Reviewing and editing the generated schema
The API Profiles editor is a simple text editor in Matillion ETL that is typically used to manage profiles defined for the API Query component. By default it looks for available profiles in the folder /usr/share/tomcat/api_profiles. Choosing to use the same location helps us use the editor to manage the schema definitions generated.
To review or edit the generated schema files:
- Click Project → Manage API Profiles
- Edit the profile name.
You will now see a bunch of schema definitions to the left. You can change these as desired or create new definitions by copying from existing. The name of the data source (RSD) should match the name of your collection in MongoDB/DynamoDB.
Using generated schema definitions
The Location connection option determines whether a component should look for an existing schema definition or query MongoDB/DynamoDB for schema-related information.
To force a component to use schema definitions, add the Location connection option and set it to the appropriate folder—in this example, it is /usr/share/tomcat/api_profiles/[profile_name].

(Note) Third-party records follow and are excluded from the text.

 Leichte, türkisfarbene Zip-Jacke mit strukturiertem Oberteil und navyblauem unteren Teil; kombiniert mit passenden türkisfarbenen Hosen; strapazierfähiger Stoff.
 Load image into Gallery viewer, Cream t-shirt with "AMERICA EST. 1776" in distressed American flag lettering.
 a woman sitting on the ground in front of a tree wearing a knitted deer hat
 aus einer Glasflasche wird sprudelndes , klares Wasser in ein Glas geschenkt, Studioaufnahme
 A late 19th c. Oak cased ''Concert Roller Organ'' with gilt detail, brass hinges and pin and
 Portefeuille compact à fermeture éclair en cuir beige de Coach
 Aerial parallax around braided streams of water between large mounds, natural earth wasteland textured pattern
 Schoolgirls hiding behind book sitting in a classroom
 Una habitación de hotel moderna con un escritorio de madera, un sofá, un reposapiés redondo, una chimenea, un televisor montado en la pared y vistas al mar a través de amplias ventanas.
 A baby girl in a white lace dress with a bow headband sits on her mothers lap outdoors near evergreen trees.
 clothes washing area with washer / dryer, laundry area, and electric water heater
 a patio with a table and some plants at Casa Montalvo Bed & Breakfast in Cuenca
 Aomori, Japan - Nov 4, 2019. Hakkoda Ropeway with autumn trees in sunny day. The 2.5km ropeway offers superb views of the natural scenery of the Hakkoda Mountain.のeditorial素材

Next time you click the Data Source button, it will only list the profiles found in that location and any columns defined in those files. The component will no longer query for a list of tables/collections nor try to determine the columns and their data types.
Dealing with rare columns
One of the challenges with a schemaless database like MongoDB or DynamoDB is that not all columns will necessarily be present in all documents. This may lead to certain columns (rare) missing a column-definition in the RSD that is generated.
Typically, the component will analyse approximately 100 rows from each collection to identify the available columns and the most suitable data type. If the rare column is not see in the sample, then a definition will not be created.
The RowScanDepth connection option can be used to adjust the number of rows scanned from each collection. If the rare column exists in this now-larger sample, a definition will be created.
Alternatively, you may generate the basic definition and then edit it to manually add the column definition yourself as outlined in the section above.